Describing what your startup does, particularly when that product is something the world has never seen before, is hard. One of the first steps in positioning an offering is to establish a frame of reference for prospects or investors. By describing your offering as being similar to something else, you can build on what prospects already know and use that to help them make the leap to understanding what you’ve got.
The idea of a “High Concept Pitch” for startups has been around for a while. I fist saw this in a Venture Hacks post (from 2008) that outlined it as a way to “describe the company’s vision on the back of a business card”. Some examples given were:
- Friendster for Dogs (Dogster)
- Flickr for video (YouTube)
- The Firefox of media players (Songbird)
While looking back at these specific example is entertaining (who would compare themselves to Friendster? Imagine YouTube positioning itself against Flickr? What does “the Firefox of” mean anyway?), this method for describing a startup continues to be super popular. A MarketWatch study recently analyzed AngelList profiles of startups and determined Airbnb, Uber and LinkedIn were the top 3 companies used to describe a new company.

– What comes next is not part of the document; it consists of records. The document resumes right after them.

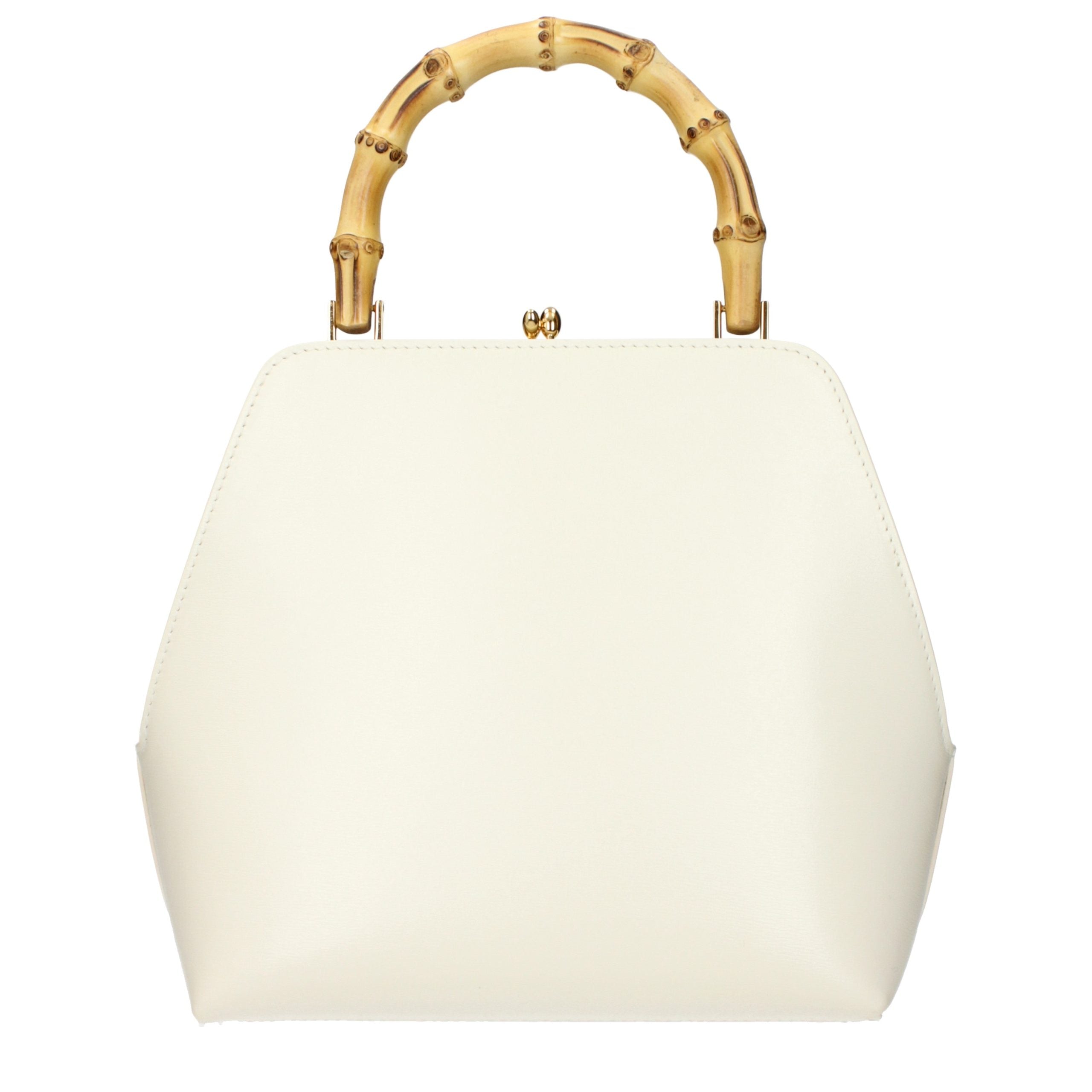 Jil Sander Beige Leder Handtasche-3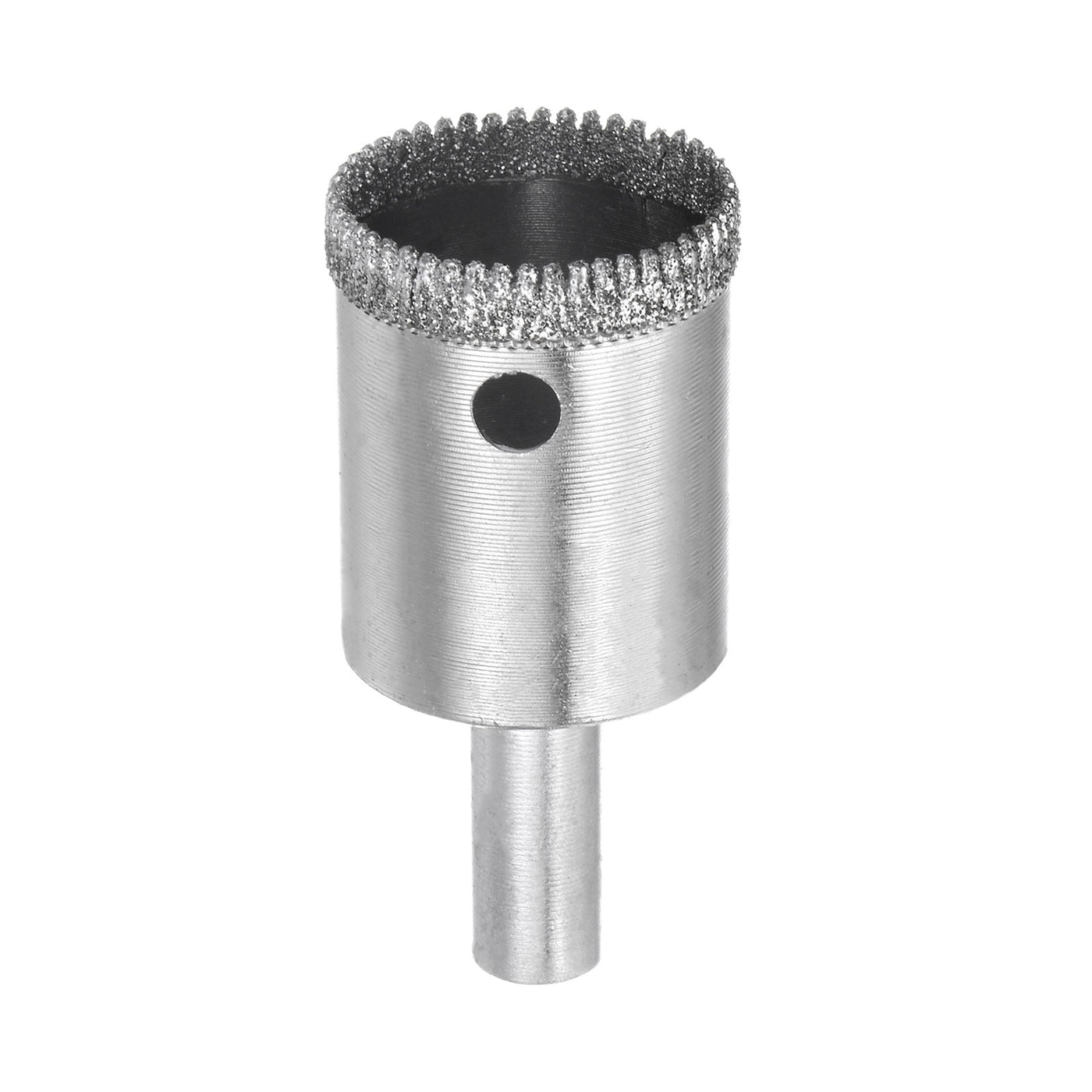 Harfington 24mm Serrated Hollow Core Diamond Drill Bits Hole Saw for Glass Tile Stone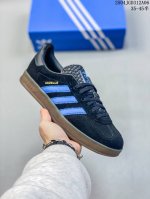 公司级阿迪达斯三叶草Adidas Originals Samba Og 桑巴舞系列绅士德训足球风百搭低帮休闲运动板鞋 尺码:35 36 36.5 37 38 3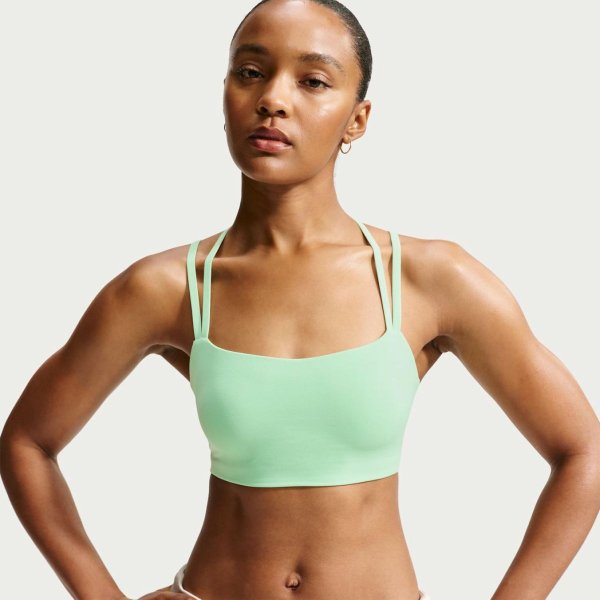 Жіночий топ NIKE DF ZENVY STRAPPY BRA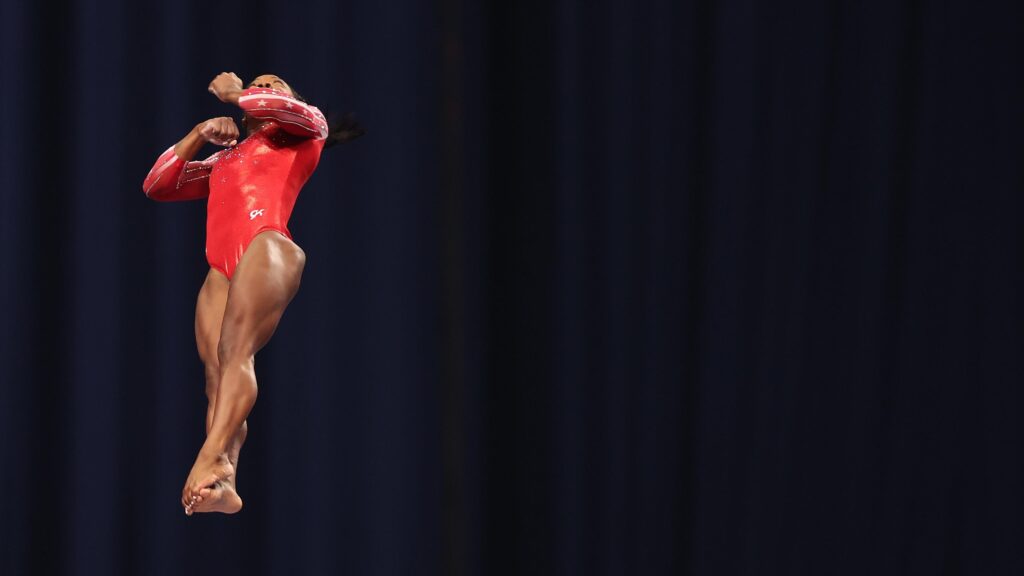 Simone Biles 'Is the Sport' of Gymnastics and Is Breaking Boundaries—Which Places a 'Target' on Her Back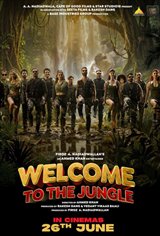 Welcome to the Jungle Movie Poster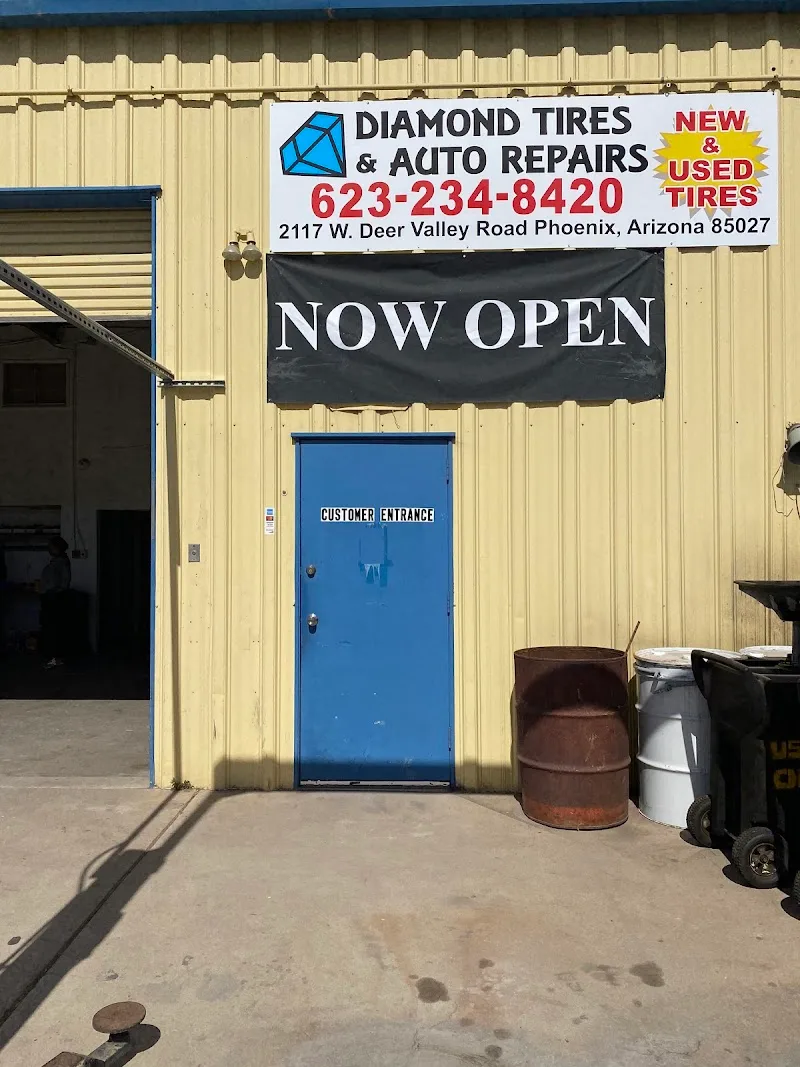 Diamond Tires and Auto Repair LLC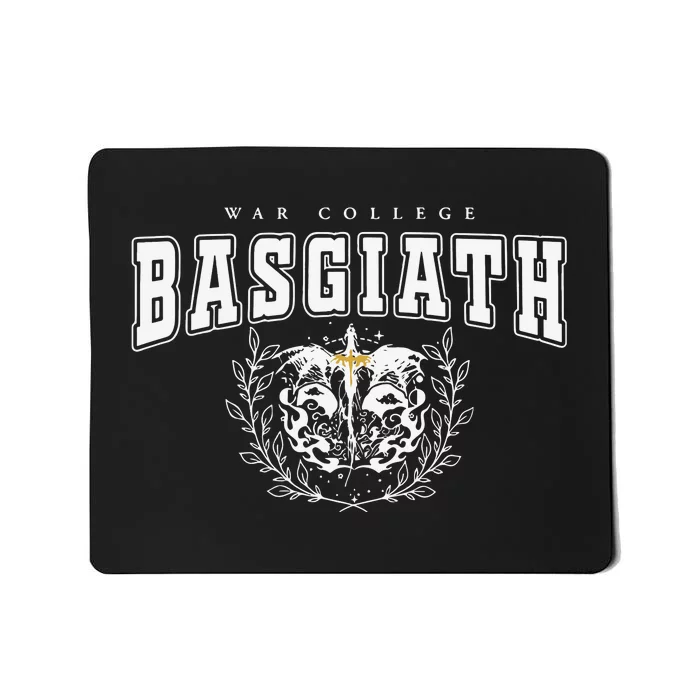 Basgiath War Fourth Wing Dragon Rider Mousepad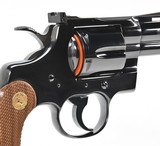 Colt Lew Horton Combat Python I3630CP 3? .357 Mag DA/SA Double Action Revolver, Box & Paperwork 1988 - 5 of 13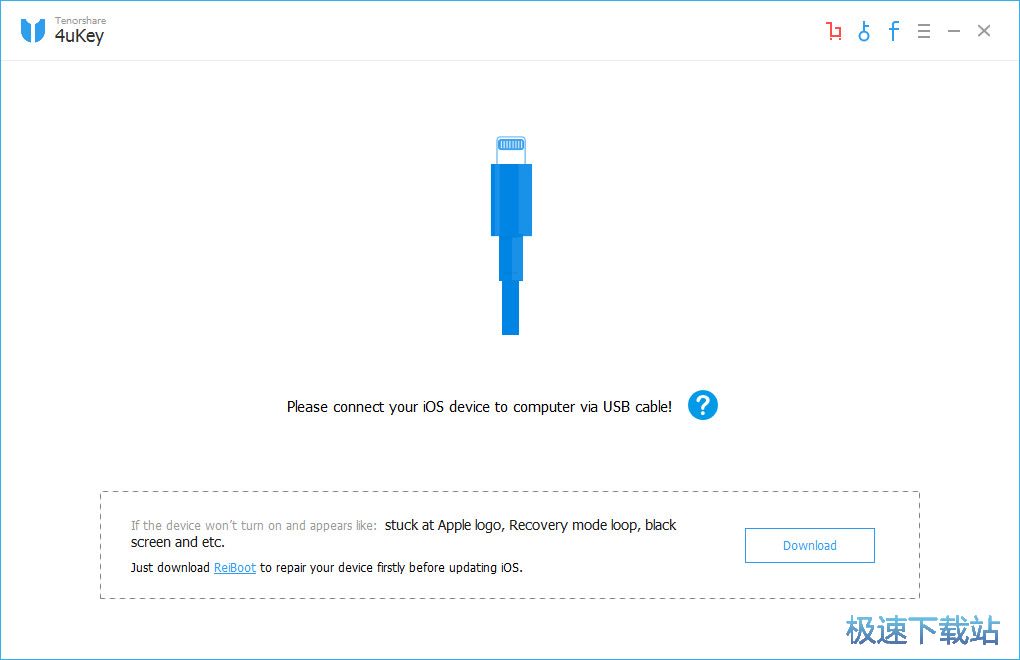iPhone_Tenorshare 4uKey 1.3.0.0 ٷ
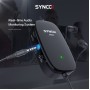 SYNCO μικρόφωνο Lav-S6M2, clip-on, omnidirectional, 3.5mm, 400mAh, μαύρο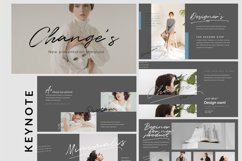 Change&#039;s - Fashion Keynote Dark Product Image 1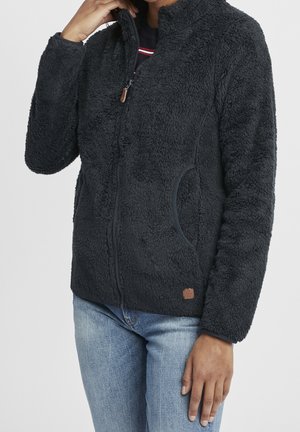 Fleece jacket - dark blue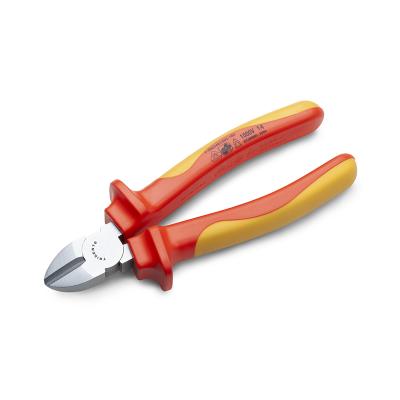 China 160mm VDE diagonal cut-off pliers XB18008 for sale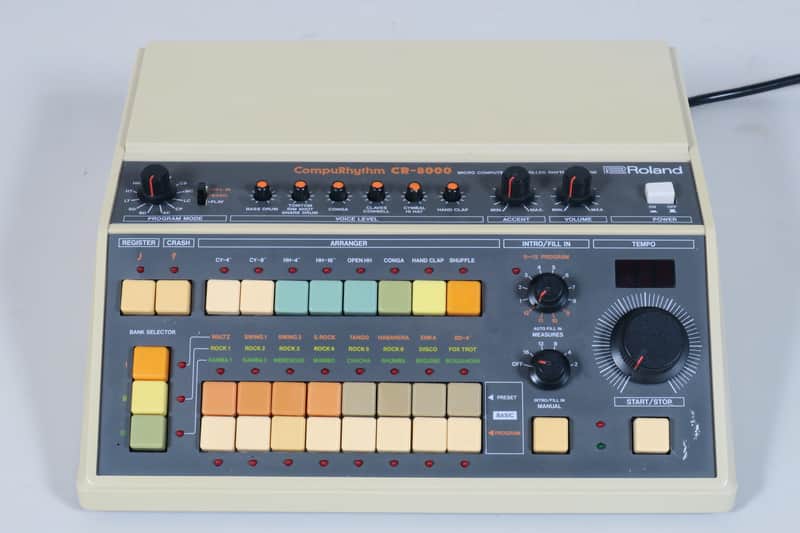 Roland CR-8000 CompuRhythm + individual outputs + Tubbutec UniPulse MIDI image 1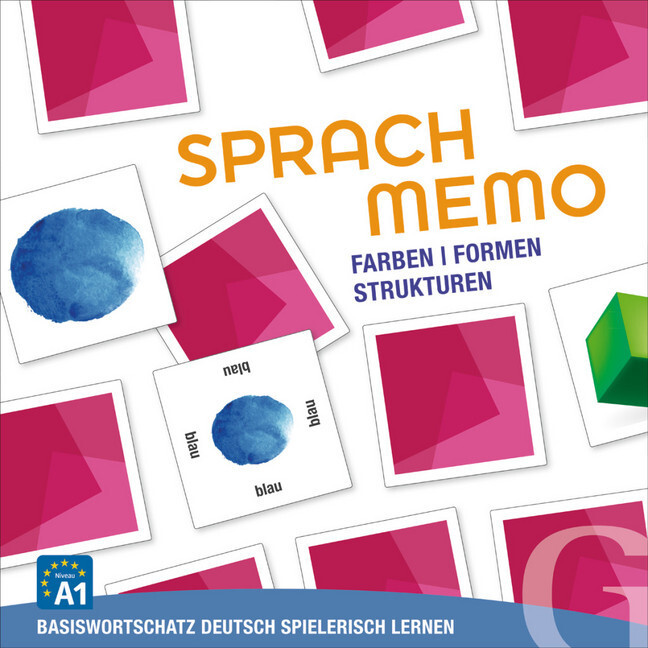 Cover: 9783198795866 | Sprachmemo Deutsch: Farben / Formen / Strukturen (Spiel) | Media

As popular as this approach is, there are also some ways that this positioning could be not just ineffective, but downright harmful for your company. Here are some things to consider:
Positioning for a VC pitch is not the same as positioning for a prospect
Whether or not a pitch works depends a lot on the audience and what they are hoping to get out of it. The “Uber for X” pitch works best for a VC audience where you are trying to emphasize the growth potential of your idea by comparing it to other high-growth companies. For prospects however, the value they hope to get from your product could be very different from what Uber, Airbnb or LinkedIn provides. While a VC might be intrigued by the idea of “Uber for kitchen appliances”, a prospect might find “Kitchen appliance rental” easier to understand. If the comparison pitch works with investors, go ahead and use it, but keep in mind that your pitch to potential customers may need to be very different.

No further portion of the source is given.